Well, how about that. Excuse me, but I would be a little bit more concerned, if in fact the touch is determined not to be "innocent," about how a 4-year-old came to have lost his "innocence." Then there's this: If a 4-year-old has been exposed to pornography or molestation and therefore acts out in this matter, how, exactly, does that make his action any less "innocent"? For crying out loud, in that case it would be something he's been taught, something that in his world is considered normal.

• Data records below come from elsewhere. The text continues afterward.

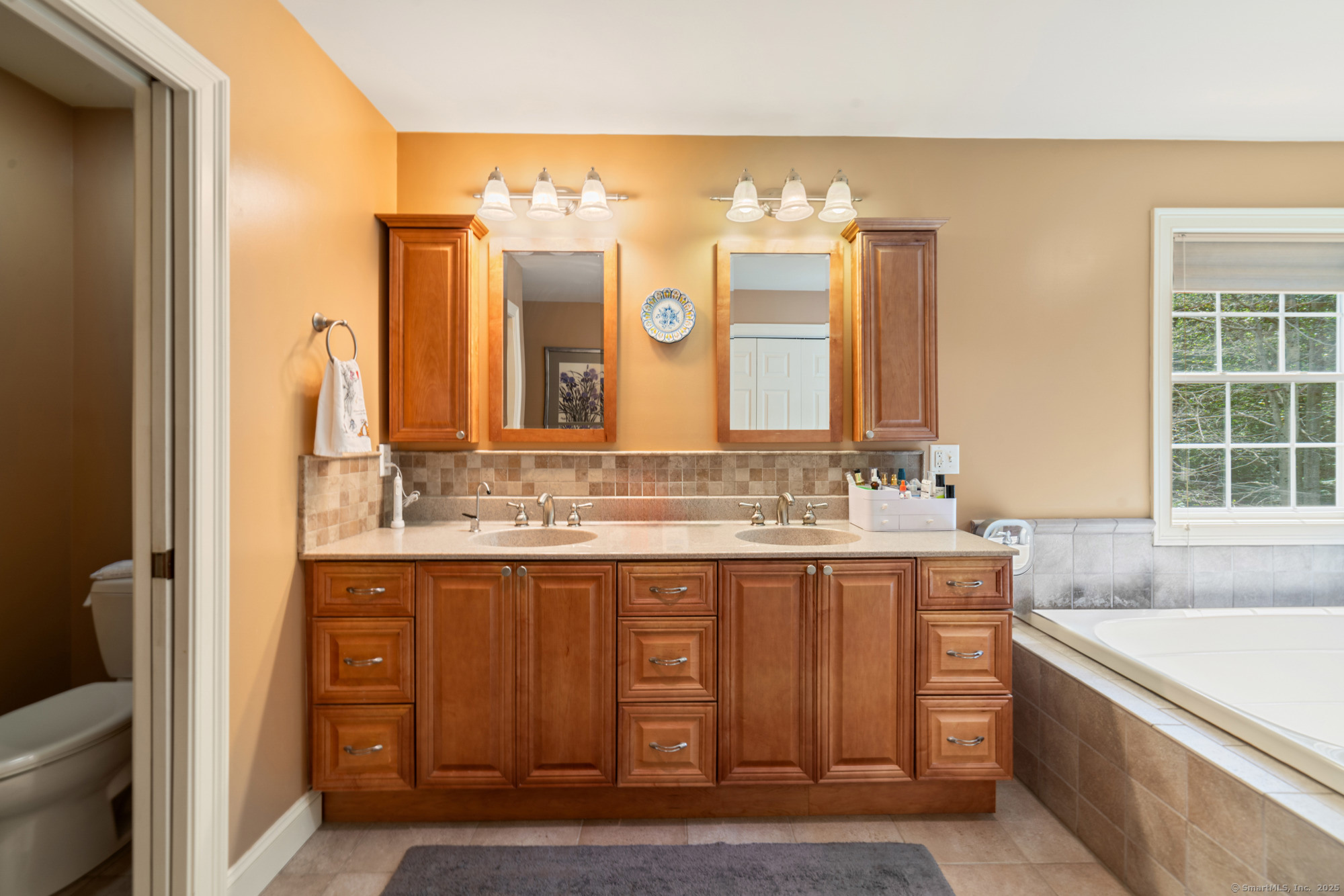 Seymour, Connecticut, 06483, United States, 4 Bedrooms Bedrooms, ,4 BathroomsBathrooms,Residential,For Sale,1927262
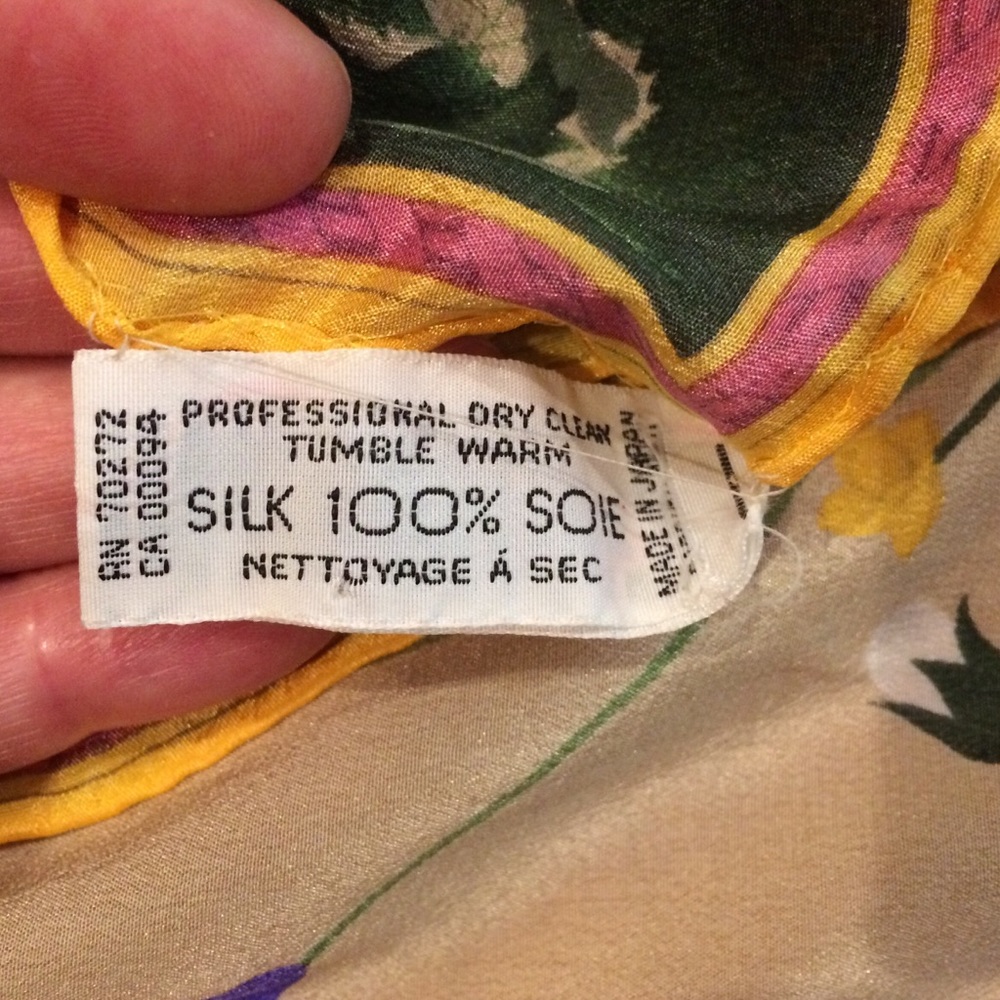 Gorgeous Vintage Liz Claiborne silk scarf- floral - Picture 7 of 7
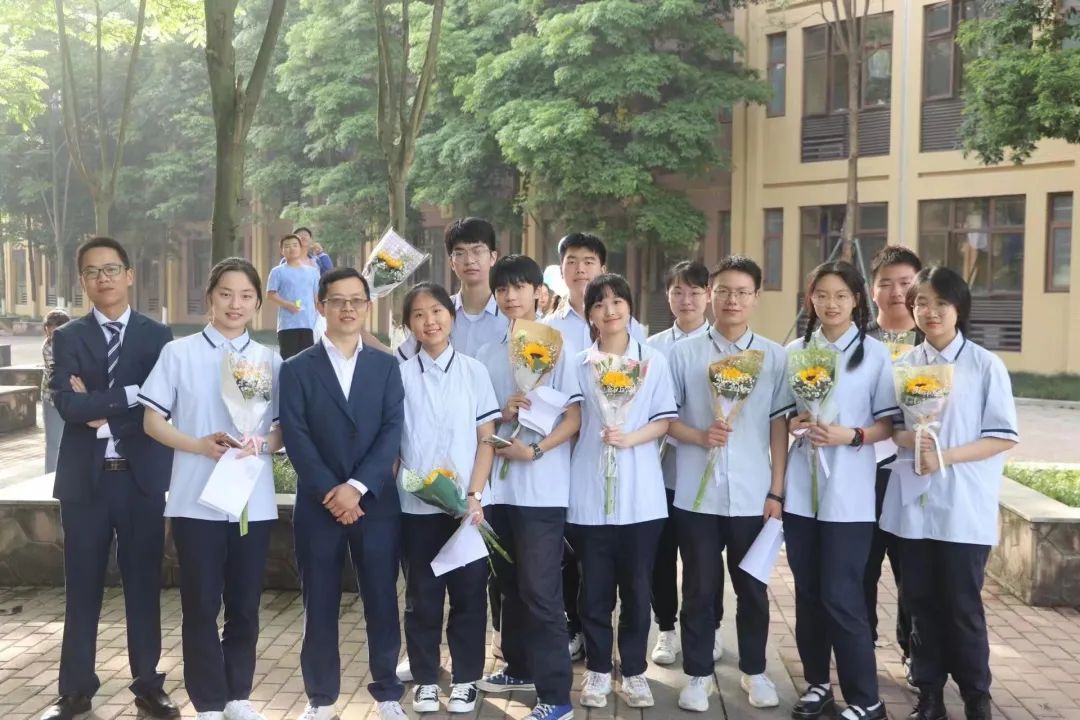 靠美术可以考好大学吗,靠美术都难考大专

Either ... the boy was "innocent"--even if curious, or even inappropriate--and therefore was punished disproportionately and unjustly. (A day of suspension is a lifetime at that age; remember, your standard pediatrician is still recommending, at that stage, time-outs in minutes corresponding with a kid's age. Even if you agree that's a little overboard in the other direction--which I do--the point remains.)

... Or he's been victimized in some way, and therefore was punished utterly inappropriately and unjustly. In other words, victimized in yet another way by inappropriate adults.

OK, now I'm tearing up, so I'm going to have to stop, except to for this:

What the hell is wrong with us, folks? We are getting it so wrong, so very, very wrong, the way we're approaching issues of sex, sexuality and sexual expression, let alone sexual molestation. (This is not the only notable example of adult/legal idiocy in the headlines this week, by the way.) We are failing our children. We are hurting them. We are acting like children ourselves. We are children, without the excuse of childhood.

We have lost all sense of proportion, as well as our minds.

Update: Yep, I've done some copy- (though not content-) editing here, and added a link to make clear the reference in a parenthetical reference.